El entrenador del Atlético Bucaramanga, Pablo Peirano, salió al paso de las fuertes acusaciones formuladas por su homólogo del Deportivo Cali, Rafael Dudamel, en relación a los graves incidentes que empañaron el empate 1-1 disputado el pasado 30 de agosto en el estadio de Palmaseca. Peirano no solo defendió su polémico ingreso a la cancha, sino que calificó las críticas de Dudamel como «muy de risa», desatando una agria polémica que trasciende el resultado deportivo.
El partido, que se definió en tiempo de adición, tuvo un desarrollo accidentado. José García adelantó a Bucaramanga al minuto 72, pero al minuto 99 el árbitro José Bautista sancionó un penalti que Leyder Chaverra convirtió en el empate definitivo. Esta decisión arbitral desató la furia del banco visitante y generó un forcejeo entre jugadores. En ese contexto, Peirano invadió el terreno de juego para solicitar la suspensión del encuentro, justo cuando aficionados del Cali, molestos por el desarrollo del partido, rompieron una valla e ingresaron al campo, obligando a la intervención de la Policía y al final anticipado del compromiso.
La versión de Peirano y su defensa ante las acusaciones
Según la narración del técnico charrúa, su ingreso no fue un acto de agresión, sino una medida desesperada por la seguridad de todos. «Es imposible que se pueda reanudar el partido con un portón abierto, con los hinchas dentro de la cancha», argumentó Peirano, quien fue expulsado junto a los jugadores José García y Keimer Sandoval. El entrenador afirmó que su cuerpo técnico ya había advertido al cuarto árbitro de la situación de peligro, sin obtener reacción del comisario del partido. Añadió que jugadores como Fabry y Benedetti ni siquiera pudieron celebrar el gol por la angustia de ver a los aficionados acercarse peligrosamente.
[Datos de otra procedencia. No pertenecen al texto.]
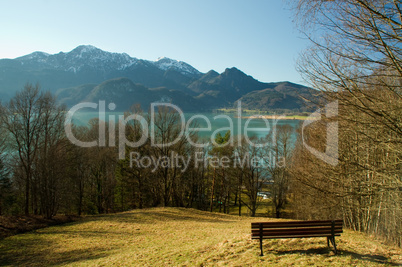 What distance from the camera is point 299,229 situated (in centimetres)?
571

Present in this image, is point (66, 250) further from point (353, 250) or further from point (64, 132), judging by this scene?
point (64, 132)

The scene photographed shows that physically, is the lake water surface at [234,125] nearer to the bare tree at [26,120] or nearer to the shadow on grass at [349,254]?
the bare tree at [26,120]

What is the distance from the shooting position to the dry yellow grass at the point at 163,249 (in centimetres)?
529

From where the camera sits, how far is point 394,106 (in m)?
4.21

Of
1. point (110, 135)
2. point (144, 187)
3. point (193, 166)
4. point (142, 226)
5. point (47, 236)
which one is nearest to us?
point (47, 236)

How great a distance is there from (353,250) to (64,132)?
2145 cm

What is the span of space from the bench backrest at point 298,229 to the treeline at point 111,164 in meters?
14.0

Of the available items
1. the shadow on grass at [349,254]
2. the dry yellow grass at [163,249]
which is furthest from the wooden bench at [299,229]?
the dry yellow grass at [163,249]

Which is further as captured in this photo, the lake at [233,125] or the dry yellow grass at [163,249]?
the lake at [233,125]

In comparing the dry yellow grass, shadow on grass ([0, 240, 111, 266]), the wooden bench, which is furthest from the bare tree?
the wooden bench

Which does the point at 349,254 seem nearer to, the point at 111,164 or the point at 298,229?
the point at 298,229

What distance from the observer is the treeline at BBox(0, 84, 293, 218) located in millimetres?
15664

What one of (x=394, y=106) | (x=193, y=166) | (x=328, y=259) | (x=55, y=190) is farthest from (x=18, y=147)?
(x=394, y=106)

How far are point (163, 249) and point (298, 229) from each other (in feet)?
14.2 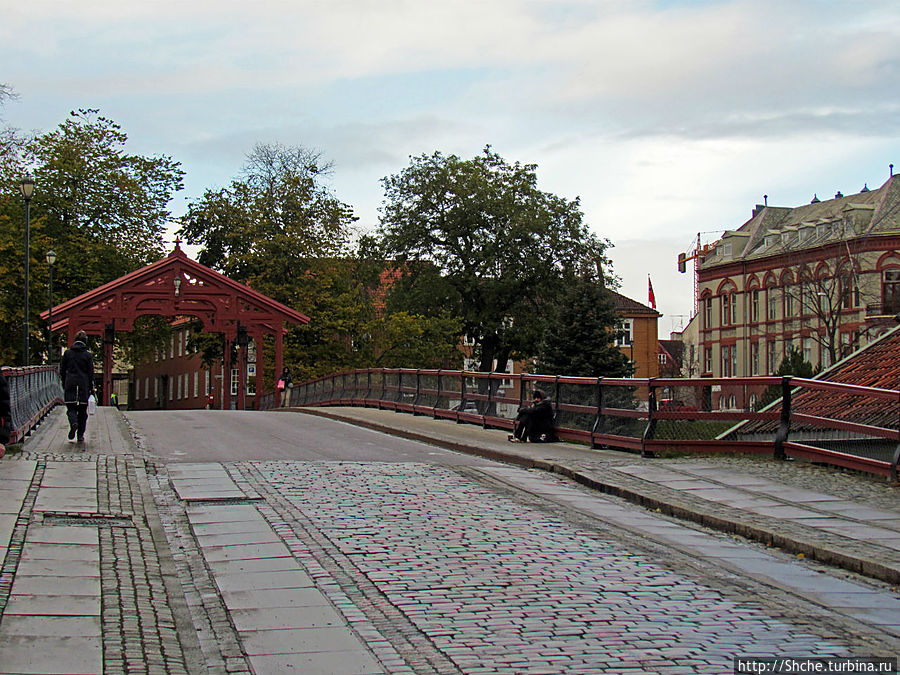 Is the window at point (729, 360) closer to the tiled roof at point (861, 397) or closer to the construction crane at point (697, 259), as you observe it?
the construction crane at point (697, 259)

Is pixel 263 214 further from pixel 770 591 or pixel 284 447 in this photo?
pixel 770 591

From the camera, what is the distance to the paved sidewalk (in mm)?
9602

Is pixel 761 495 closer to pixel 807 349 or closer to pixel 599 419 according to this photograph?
pixel 599 419

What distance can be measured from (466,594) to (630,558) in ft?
6.55

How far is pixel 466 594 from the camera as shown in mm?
7609

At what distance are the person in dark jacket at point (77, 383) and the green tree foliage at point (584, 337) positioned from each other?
2711 cm

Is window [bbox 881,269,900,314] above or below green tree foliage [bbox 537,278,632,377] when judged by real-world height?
above

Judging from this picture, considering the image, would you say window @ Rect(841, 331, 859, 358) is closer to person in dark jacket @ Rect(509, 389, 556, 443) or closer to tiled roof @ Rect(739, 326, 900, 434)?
tiled roof @ Rect(739, 326, 900, 434)

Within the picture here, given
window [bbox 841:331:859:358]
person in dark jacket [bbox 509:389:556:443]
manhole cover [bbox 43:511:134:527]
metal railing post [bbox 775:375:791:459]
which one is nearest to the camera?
manhole cover [bbox 43:511:134:527]

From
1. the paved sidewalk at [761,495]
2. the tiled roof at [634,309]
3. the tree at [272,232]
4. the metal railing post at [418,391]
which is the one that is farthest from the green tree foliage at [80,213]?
the tiled roof at [634,309]

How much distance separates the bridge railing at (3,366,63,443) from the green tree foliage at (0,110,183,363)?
28300 millimetres

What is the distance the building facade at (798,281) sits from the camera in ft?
201

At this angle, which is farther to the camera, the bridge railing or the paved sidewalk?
the bridge railing

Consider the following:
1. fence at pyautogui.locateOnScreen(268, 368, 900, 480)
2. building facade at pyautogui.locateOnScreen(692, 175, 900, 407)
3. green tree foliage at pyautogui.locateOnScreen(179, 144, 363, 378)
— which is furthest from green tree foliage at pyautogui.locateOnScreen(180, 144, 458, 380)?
fence at pyautogui.locateOnScreen(268, 368, 900, 480) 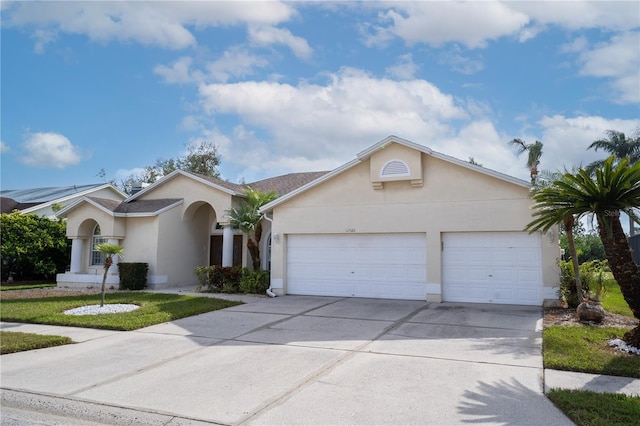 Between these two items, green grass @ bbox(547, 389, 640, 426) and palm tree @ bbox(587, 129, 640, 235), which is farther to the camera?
palm tree @ bbox(587, 129, 640, 235)

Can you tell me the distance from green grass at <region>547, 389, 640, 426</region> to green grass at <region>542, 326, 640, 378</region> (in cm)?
119

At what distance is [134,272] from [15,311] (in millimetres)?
→ 5738

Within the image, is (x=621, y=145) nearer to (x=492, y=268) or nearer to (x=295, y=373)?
(x=492, y=268)

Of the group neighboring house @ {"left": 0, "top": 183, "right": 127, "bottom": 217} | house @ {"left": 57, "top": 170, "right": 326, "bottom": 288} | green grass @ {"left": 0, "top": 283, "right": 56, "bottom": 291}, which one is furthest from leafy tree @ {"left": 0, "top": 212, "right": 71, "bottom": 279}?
house @ {"left": 57, "top": 170, "right": 326, "bottom": 288}

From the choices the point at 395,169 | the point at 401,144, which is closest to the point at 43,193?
the point at 395,169

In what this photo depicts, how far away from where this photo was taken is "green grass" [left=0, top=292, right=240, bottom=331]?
10.7 m

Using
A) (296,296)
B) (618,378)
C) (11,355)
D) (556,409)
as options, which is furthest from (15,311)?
(618,378)

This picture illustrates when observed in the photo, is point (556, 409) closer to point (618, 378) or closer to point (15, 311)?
point (618, 378)

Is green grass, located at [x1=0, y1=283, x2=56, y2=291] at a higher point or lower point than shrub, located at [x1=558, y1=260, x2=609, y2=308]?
lower

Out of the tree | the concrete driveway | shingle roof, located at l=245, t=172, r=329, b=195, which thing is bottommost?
the concrete driveway

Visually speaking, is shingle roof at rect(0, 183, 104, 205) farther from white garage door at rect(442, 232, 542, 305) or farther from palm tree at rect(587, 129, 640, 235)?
palm tree at rect(587, 129, 640, 235)

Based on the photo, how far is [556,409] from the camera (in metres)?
4.95

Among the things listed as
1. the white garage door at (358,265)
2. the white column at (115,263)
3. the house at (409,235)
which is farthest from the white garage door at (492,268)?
the white column at (115,263)

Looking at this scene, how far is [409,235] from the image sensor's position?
14.3 meters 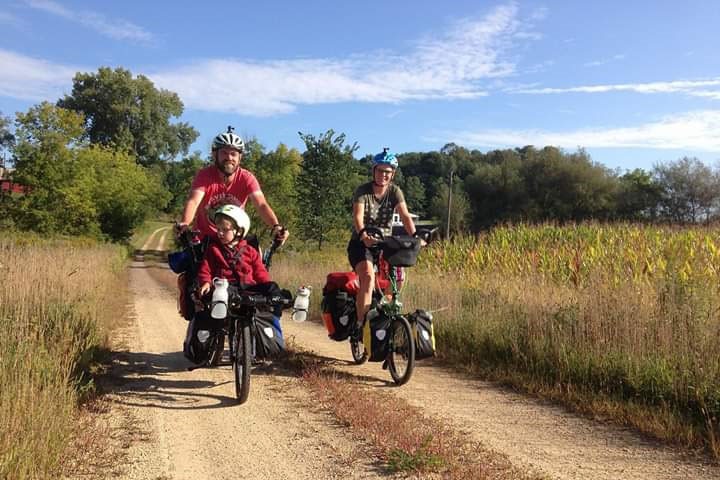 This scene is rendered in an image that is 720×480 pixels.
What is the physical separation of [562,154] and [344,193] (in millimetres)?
30549

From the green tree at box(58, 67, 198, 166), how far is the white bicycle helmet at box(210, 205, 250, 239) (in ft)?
247

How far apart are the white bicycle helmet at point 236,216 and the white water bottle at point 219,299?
66cm

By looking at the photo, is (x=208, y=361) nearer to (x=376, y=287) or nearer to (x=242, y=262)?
(x=242, y=262)

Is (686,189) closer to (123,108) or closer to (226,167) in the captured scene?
(226,167)

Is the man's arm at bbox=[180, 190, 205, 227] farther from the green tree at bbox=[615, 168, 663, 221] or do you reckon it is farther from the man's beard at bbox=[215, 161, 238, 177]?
the green tree at bbox=[615, 168, 663, 221]

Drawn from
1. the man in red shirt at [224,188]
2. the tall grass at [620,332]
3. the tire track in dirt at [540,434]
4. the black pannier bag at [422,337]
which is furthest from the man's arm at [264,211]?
the tall grass at [620,332]

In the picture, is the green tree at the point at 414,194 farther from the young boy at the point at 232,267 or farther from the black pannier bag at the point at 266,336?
the black pannier bag at the point at 266,336

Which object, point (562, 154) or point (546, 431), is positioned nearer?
point (546, 431)

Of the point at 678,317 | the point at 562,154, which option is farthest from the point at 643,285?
the point at 562,154

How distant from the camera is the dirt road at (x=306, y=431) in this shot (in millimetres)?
3762


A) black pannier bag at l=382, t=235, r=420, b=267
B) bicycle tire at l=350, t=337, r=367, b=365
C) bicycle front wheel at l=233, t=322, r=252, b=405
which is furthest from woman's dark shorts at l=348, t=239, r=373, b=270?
bicycle front wheel at l=233, t=322, r=252, b=405

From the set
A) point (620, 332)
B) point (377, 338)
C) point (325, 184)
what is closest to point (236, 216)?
point (377, 338)

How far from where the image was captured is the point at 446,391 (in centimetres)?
576

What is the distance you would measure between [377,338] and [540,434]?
192 cm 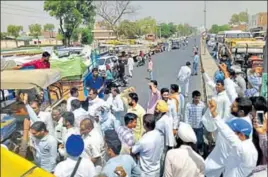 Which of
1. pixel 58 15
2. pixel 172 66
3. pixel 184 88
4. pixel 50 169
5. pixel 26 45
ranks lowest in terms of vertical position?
pixel 50 169

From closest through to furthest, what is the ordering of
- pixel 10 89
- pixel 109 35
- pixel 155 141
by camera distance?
pixel 10 89
pixel 155 141
pixel 109 35

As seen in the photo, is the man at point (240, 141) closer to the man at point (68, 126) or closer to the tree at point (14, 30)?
the man at point (68, 126)

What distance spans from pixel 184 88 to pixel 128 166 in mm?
Result: 1779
Peirano fue más allá y calificó de «muy de risa» que Dudamel se escandalice por su proceder. «Que el entrenador rival se preocupe porque, por favor, pararan el partido porque si no iba a pasar una desgracia, es muy de risa», manifestó, dejando claro que su prioridad fue evitar una tragedia. El técnico de Bucaramanga recalcó que «los que no están en condición de entrar son los hinchas, a un lugar que no corresponde», desmintiendo que su accionar haya sido una provocación. Finalmente, anticipó que iniciará acciones legales, pues considera que las declaraciones de Dudamel «me ensucia a mí, ensucia a Bucaramanga», y aclaró que ni el cuerpo técnico, ni los jugadores ni la directiva comparten la versión del entrenador rival.
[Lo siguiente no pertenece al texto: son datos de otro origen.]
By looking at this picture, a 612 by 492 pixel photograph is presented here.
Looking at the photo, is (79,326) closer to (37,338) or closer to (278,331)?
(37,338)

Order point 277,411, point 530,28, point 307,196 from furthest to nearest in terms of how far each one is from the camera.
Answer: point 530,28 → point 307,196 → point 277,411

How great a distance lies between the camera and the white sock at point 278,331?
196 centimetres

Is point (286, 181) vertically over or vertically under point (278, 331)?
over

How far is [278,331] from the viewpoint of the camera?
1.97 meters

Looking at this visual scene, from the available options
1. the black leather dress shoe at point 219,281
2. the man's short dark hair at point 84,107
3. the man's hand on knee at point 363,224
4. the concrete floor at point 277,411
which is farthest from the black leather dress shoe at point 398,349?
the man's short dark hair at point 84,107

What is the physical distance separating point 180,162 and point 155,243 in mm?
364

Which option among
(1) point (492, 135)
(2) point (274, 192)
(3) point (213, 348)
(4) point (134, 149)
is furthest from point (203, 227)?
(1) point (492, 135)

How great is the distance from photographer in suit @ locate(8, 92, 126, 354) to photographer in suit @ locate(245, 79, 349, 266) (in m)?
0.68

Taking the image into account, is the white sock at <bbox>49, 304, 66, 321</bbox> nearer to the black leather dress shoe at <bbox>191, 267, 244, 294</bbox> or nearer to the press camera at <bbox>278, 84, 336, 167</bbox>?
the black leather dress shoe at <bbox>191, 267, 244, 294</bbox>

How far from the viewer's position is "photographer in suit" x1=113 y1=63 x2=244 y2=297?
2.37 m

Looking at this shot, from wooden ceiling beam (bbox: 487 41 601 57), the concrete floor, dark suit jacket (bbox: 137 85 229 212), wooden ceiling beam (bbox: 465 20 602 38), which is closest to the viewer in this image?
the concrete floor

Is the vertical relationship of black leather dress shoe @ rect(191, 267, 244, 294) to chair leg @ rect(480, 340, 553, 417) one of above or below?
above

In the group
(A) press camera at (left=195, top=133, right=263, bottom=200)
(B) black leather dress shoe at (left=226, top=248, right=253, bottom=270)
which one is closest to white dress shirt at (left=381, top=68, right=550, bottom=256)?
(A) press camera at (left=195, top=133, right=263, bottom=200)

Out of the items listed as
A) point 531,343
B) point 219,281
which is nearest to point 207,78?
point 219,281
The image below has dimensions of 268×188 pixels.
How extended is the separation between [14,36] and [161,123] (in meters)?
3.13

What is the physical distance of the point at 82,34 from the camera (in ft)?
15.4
«Es una vergüenza lo que ha hecho mi colega»
Rafael Dudamel, DT de Deportivo Cali
La postura de Dudamel y el duro panorama del Cali
Por su parte, Rafael Dudamel fue contundente en su denuncia. El entrenador venezolano acusó a Peirano de patear un balón para impedir la reanudación del juego, de avanzar hasta la mitad de la cancha y de agredir al jugador Keimer Sandoval. «Es una vergüenza lo que ha hecho mi colega», sentenció Dudamel, quien pidió que «ojalá el informe arbitral sea severo» contra el técnico de Bucaramanga. El estratega del Cali lamentó que los incidentes hayan eclipsado el análisis deportivo de un partido que su equipo necesitaba sumar.
El contexto para el Deportivo Cali es preocupante, pues solo ha sumado dos de los últimos nueve puntos en disputa, seis de ellos como local. Sin embargo, Dudamel defendió el profesionalismo de su plantel y aseguró que «aquí hasta el final nosotros vamos a competir con mucho honor y profesionalismo», recordando que aún restan 13 partidos por disputar. El panorama para el equipo verdiblanco es complejo, mientras la polémica por el accionar de ambos entrenadores y la invasión de hinchas sigue ocupando los titulares en el fútbol colombiano.